Refurbishment Decision Support System (RDSS) for building renovation strategies 

Buildings are energy gluttons and have a large impact on the global climate change and other energy-related environmental issues. In Portugal, building sector consume about 29% of the total energy consumption. As a direct result, it is responsible for nearly 29% of CO2 equivalent greenhouse gas emissions.
Most European countries have succeeded in reducing energy consumption of new dwellings by more than 50% without increasing their building cost, and therefore, energy efficiency has achieved great acceptance among building owners. These buildings represent about 20% of the building stock but consume only 5% of energy. Concentration on improving the energetically poor building stock has great potential. Besides, the cyclical nature of the construction industry, the fact that the built environment is aging at a fast rate, the overall reduction in new building construction and the increasing awareness for sustainability, open new opportunities for expanding the refurbishment and reconstruction of buildings.
However, refurbishment work is usually characterized by complex and heterogeneous natures that require various specialties to integrate in highly variable conditions. Therefore stakeholders involved in building refurbishment projects may want to utilize neural networks, genetic algorithms, knowledge based decision support system, etc. for performing complex analysis in various ways and selection of the most suitable refurbishment actions.

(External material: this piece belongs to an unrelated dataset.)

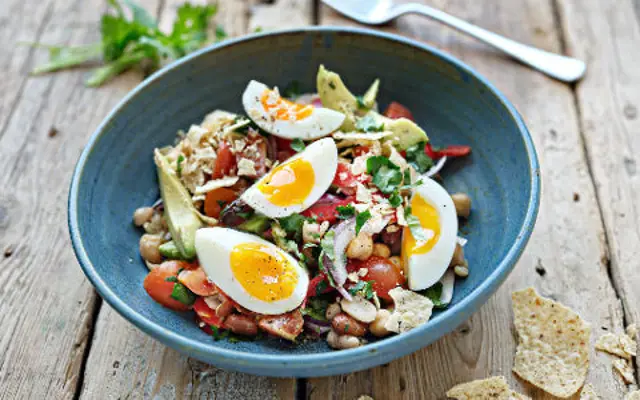 Mexican Salad with Soft Boiled Eggs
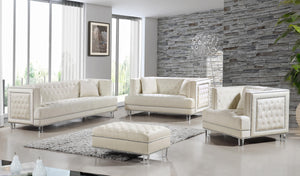 Lucas Cream Velvet Loveseat - Furnish 4 Less 98 (NY)*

Accordingly, in exploring the questions of building refurbishment, the aim of this project is to propose a concept for developing user friendly building condition assessment and refurbishment decision support system (DSS), more focusing on the organizations responsible for school buildings refurbishment facing refurbishment decisions, two dimensional trade-off between cost and quality, and physical and functional states of building in conducting condition assessment. This decision support system enable these organizations easily conduct the building condition assessment and offers optimal refurbishment actions considering the trade-off between cost and quality.